Reputation: 33
I read excel data as dataframe of pandas in which each row has two non-NaN values(others are all NaN)
names | Unnamed:1 | Unnamed:2 | Unnamed:3 | ~ | Unnamed:19 | Unnamed:20 |
---|---|---|---|---|---|---|
NaN | NaN | 1.3 | NaN | ~(NaN) | 10.4 | NaN |
NaN | NaN | NaN | 2.7 | ~(NaN) | NaN | 12.7 |
~ | ~ | ~ | ~ | ~ | ~ | ~ |
name_ccdd | NaN | 1.3 | NaN | ~(NaN) | 9.3 | NaN |
~ | ~ | ~ | ~ | ~ | ~ | ~ |
name_yyzz | 0.5 | NaN | NaN | ~4.7~ | NaN | NaN |
I'd like to find a specific row containing a word(e.g. "ccdd") and get non-NaN values (e.g. 1.3 and 9.3) in a general way
I made a boolin which contains showing which row index contains a word(e.g. "ccdd")
import pandas as pd
import numpy as np
filename= '~/data.xlsx'
df = pd.read_excel(filename, engine='openpyxl')
mask = df[df.columns[0]].str.contains('ccdd')
print(mask)
0 NaN
1 NaN
2 False
3 False
4 False
5 True
6 False
7 False
8 False
9 False
10 False
11 False
12 False
13 False
the 5th row contains data on what I want to get two float values. but I can't go further.

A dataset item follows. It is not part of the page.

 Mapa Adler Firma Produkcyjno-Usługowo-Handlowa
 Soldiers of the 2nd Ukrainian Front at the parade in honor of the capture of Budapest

In a previous article(Get row and column index of the value in Pandas df) I found a similar answer but I don't know how to utilize it.
Upvotes: 1
Views: 2114
Reputation: 1348
This will get you the proper row index:
mask=df['names'].str.contains('ccdd')
mask=mask.replace(np.nan, False, regex=True)
list(df.names.index[mask])
Output:
[3]
Upvotes: 1
Reputation: 24314
You can pass na parameter in str.contains()
so basically the na parameter set NaN values to True/False according to your input:
mask = df[df.columns[0]].str.contains('ccdd',na=False)
Now finally pass that mask to your df:
df[mask]
#OR
df.loc[mask]
Upvotes: 2
Reputation: 38
To select a row or group of rows fulfilling a condition, you can use this:
subSelection=df[df["names"].str.contains("ccdd")]
To print the rows, use can use print(subSelection)
and to print the indices of the selected rows, you can use print(list(subSelection.index))
Upvotes: 1